Rendu possible par le Crowdfunding (financement participatif) et produit par La Brèche fondée pour le projet, Pornographisme est un hommage au cinéma de l’ombre, au cinéma X. Le genre est désormais antédiluvien par rapport aux productions qui naviguent sur le net. Ce livre se concentre sur des affiches particulières. En 1975, la loi française interdit l’usage d’images explicites sur les affiches de films pornographiques. Dès lors, les distributeurs doivent multiplier les chartes graphiques et linguistiques esthétiquement marquées pour attirer les spectateurs. Et le père de Mickaël Draï fut le dernier distributeur de films pornographiques sur bobine de 35mm. Son fils a donc hérité d’un trésor de 8000 affiches.
L’ensemble retenu propose une fantaisie graphiste et « poétique » de type surréaliste là où tout avait pour but la survie de ces petits cinémas croisés (entre autres) rue Saint Lazare en sortant du train de banlieue et avant de remonter vers Pigalle. Le graphisme est kitsch, un rien psychédélique (l’époque le voulait). Et les titres devaient inciter à pénétrer dans des salles obscures, véritables surfaces de « réparation ». « Sodomisations collectives », « Orgies au camping », « La Comtesse est une pute », « La grosse cramouille de la garagiste », « Les vieux sur la vieille » ou « Merlin l’emmancheur » et sa particulière quê(quê)te du Graal : il ne s’agissait pas de faire dans la dentelle mais dessous.

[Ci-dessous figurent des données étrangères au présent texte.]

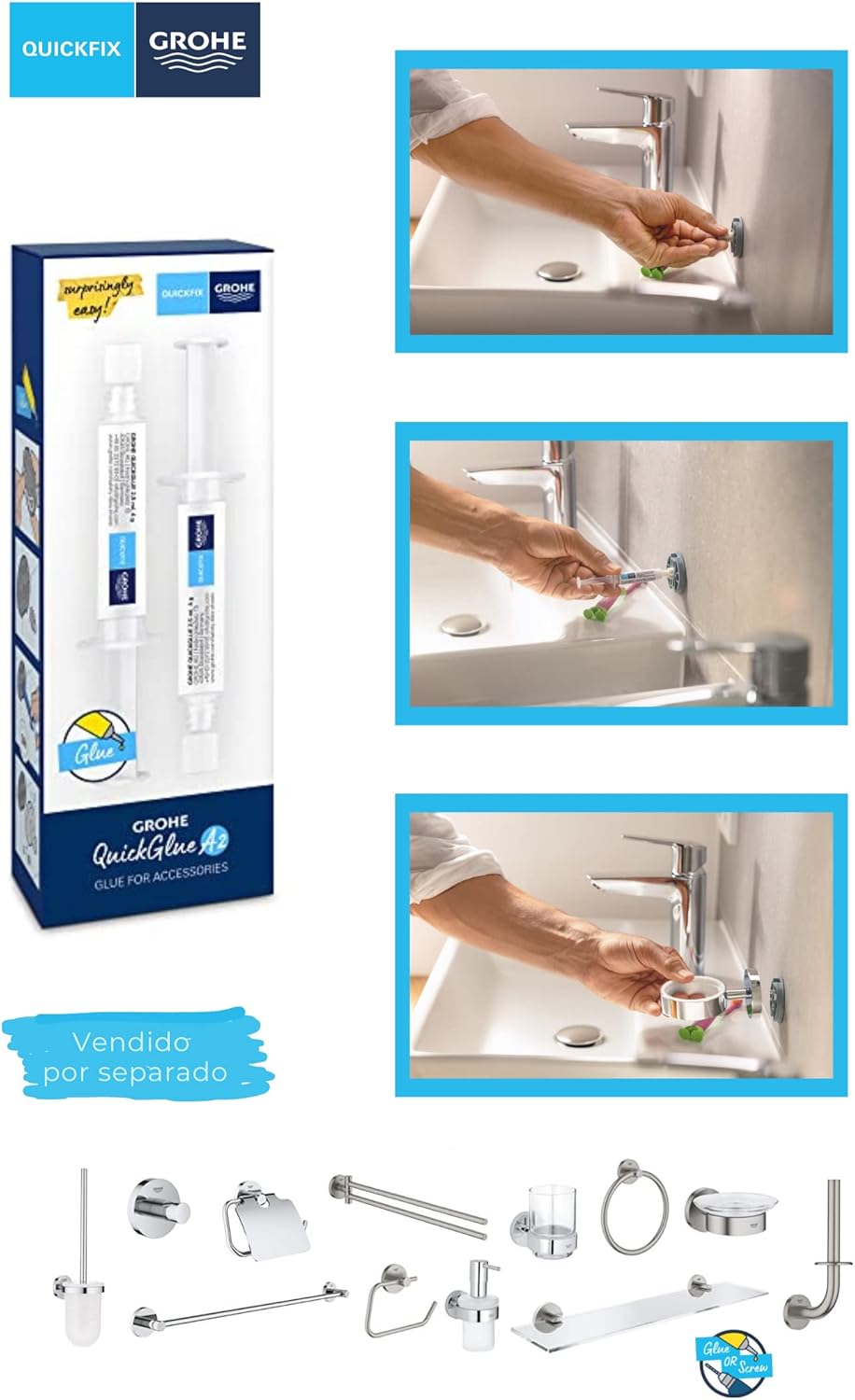 Thumbnail 1 de GROHE QuickGlue Kleber-Set 2x für Bad-Accessoires (ohne Bohren) – geeignet für Marmor, Fliesen, Glas, Kunststoff, Holz, Metall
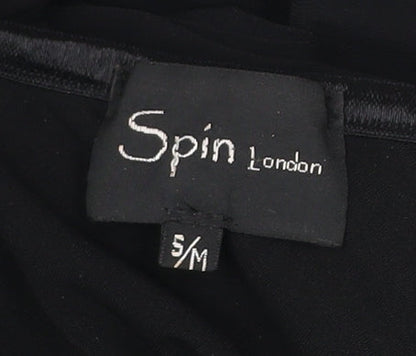 Spin London Womens Black Strapless Maxi Dress S/M Sequin Detail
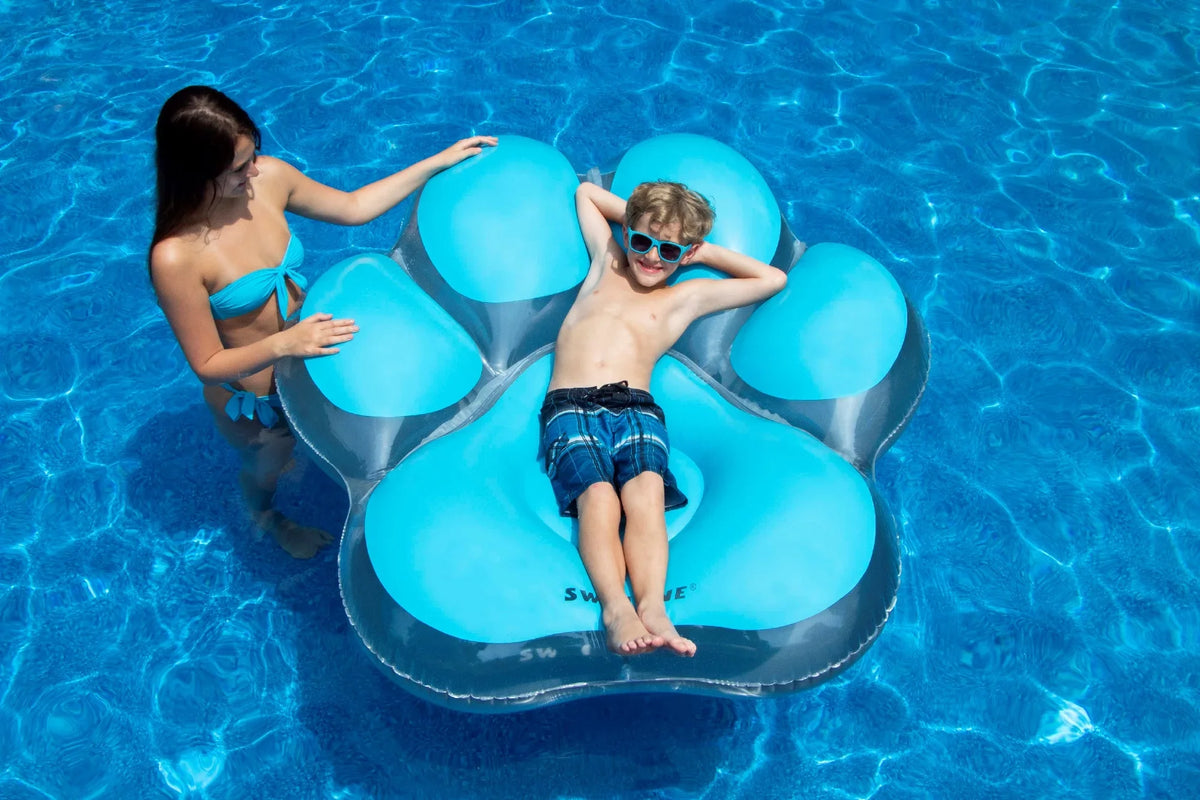 Swimming Island Float Inflatable Pool 61" Pawprint Blue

Et qu’importe si tout n’est pas bon dans le cochon. Il faut plutôt se fier ici à ses charcutières et ses charcutiers qui firent de leurs affiches les pierres d’appel de la pornographie qui sont parfois plus sûres que le béton armé de la spiritualité. De telles affiches s’opposent aux feux rouges. Une fois qu’on en a vu l’un d’eux, les ayant tous vu, on ne s’y arrête plus. Mais les roués du souffre et du souffle de la chair ont tout fait pour retenir le chaland. Reste de tout cela une belle pornostalgie. Avis aux (a)mateurs.
jean-paul gavard-perret
Mickaël Drai & Christophe Chelmis, Pornographisme, éditions Marque Belge, 2016.